Ostatni raz spojrzałam w miejsce, gdzie przed kilkoma minutami stał brązowowłosy chłopak, a także jeden z jego wiernych towarzyszy. Uniosłam twarz ku niebu. Gęste chmury przykrywały cały błękit, zwiastując burzę. Powinnam, jak najszybciej znaleźć schronienie, inaczej nie zabiją mnie zombie, a zwykłe zapalenie płuc. Wyrzuciłam ze swoich myśli twarz Aresa, który o dziwo wydawał się przejęty decyzją, jaka zapadła. Niestety, w tej chwili nie można było już nic z tym zrobić. Potrzebowałam chwili spokoju, oderwania się od tego wszystkiego. Chciałam zapomnieć o tym, co mnie spotkało, jednak czy jest możliwe, żeby zapomnieć o miłości? Nie... O zawodzie miłosnym. Wyciągnęłam jedną katanę ruszając do przodu. Teraz miałam tylko jeden cel, zabić jak największą ilość zombie. Przed zapadnięciem zmroku, znalazłam dla siebie ustronne miejsce. Mała chatka, najprawdopodobniej jedna z leśniczówek, okazała się idealnym schronieniem. W środku oprócz wypchanych zwierząt, ujrzałam również kominek. Z kilku gałązek pozbieranych na zewnątrz, udało mi się rozpalić niewielki ogień. Miło było poczuć ciepło na swoich dłoniach, a zaraz później i na twarzy. Mimowolnie uśmiechnęłam się do siebie, siedząc blisko kominka.

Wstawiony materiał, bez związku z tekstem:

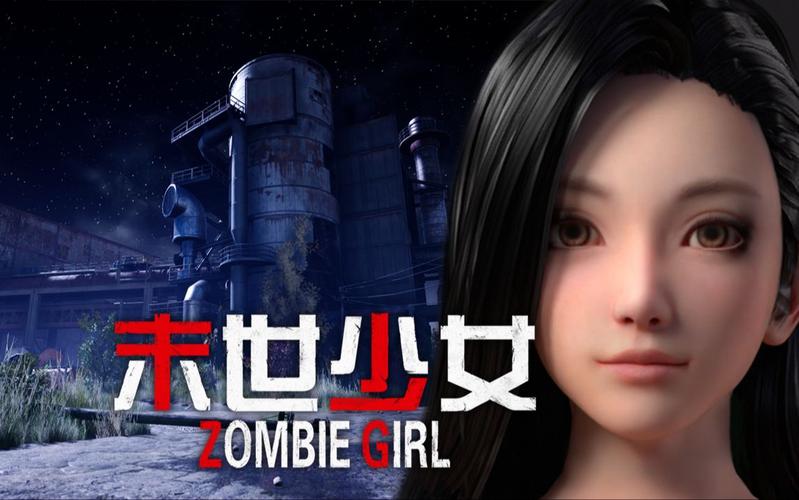 各平台末世少女下载链接，总有一款适合你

Noce zaczynały się robić coraz zimniejsze, ciężko przetrwać jedną z zimniejszych nocy na zewnątrz, bez ani jednej iskry. Przymknęłam oczy, zapadając w płytki sen, pamiętając, że znajduje się sama w pośrodku niczego.
~*~
Następne dni mijały w miarę normalnie. Wybijałam wszystko co znajdowało się w okolicy, a na noce wracałam do mojego schronu. Ze zmęczenia nawet nie miałam siły, żeby myśleć czy w mieście panuje spokój. Po kolejnej nocy na skórze jakiegoś zwierzaka, musiałam wybrać się dalej. Zarówno świeża woda, jak i pożywienie zaczynało mi się kończyć. Myślałam, żeby zatrzymać się w mieście, do którego często były wysyłane oddziały naszych ludzi. Jednak zarówno ciekawość, jak i wiedza na temat nikłych zasobów, postanowiłam iść w zupełnie innym kierunku. Wyprawa w te regiony miała się odbyć za kilka miesięcy z większą ilością członków, z powodu dużego natężenia zombie i innych ciekawych stworzeń. Większość starałam się omijać, niektóre cicho zabijałam. Nie miałam ochoty na śmierć, przynajmniej jeszcze nie teraz. Jeśli zaatakowałabym całą grupkę, szansę na przeżycie byłyby nikłe. Dotarłam do budynku, który już na pierwszy rzut oka wydawał się być opuszczony i zniszczony. Drzwi były wyrwane, a okna powybijane. W okolicy było cicho i spokojnie, pomimo zaschniętej krwi na żółtawej trawie. Przełknęłam ślinę i przygryzłam dolną wargę. Zaciskając dłonie na katanach, weszłam do środka, trzymając się blisko ściany. Im dalej szłam korytarzem, tym mniej słońca wpadało do środka, ciemność ogarniała całe moje ciało, a oczy potrzebowały kilku minut, aby przyzwyczaić się do tych warunków. W jednym pomieszczeniu usłyszałam hałas. Charakterystyczny brzdęk metalu rozniósł się echem. Miałam dwie opcje, albo za drzwiami znajdowała się grupka ludzi, którzy mieli jedzenie i wodę, albo było tam coś, czego nie chciałam teraz zobaczyć. Wzięłam głęboki oddech i ostrzem odepchnęłam od siebie drzwi. Stwór stał do mnie tyłem, przypominając z tej strony przerośniętego kraba. Wystarczył jeden krok w jego stronę, aby podniósł łeb, najprawdopodobniej zaciągając się powietrzem. Odwróciwszy się w moją stronę, ujrzałam coś na wzór twarzy, która otworzyła się w nienaturalny sposób. Przyjęłam pozycję bojową, szybko analizując swoją sytuację, a także otoczenie. Za monstrum, które mierzyło dobre 3 metry, znajdowała się półka z puszkami. W większej grupce, pokonanie go nie byłoby aż tak wielkim problemem.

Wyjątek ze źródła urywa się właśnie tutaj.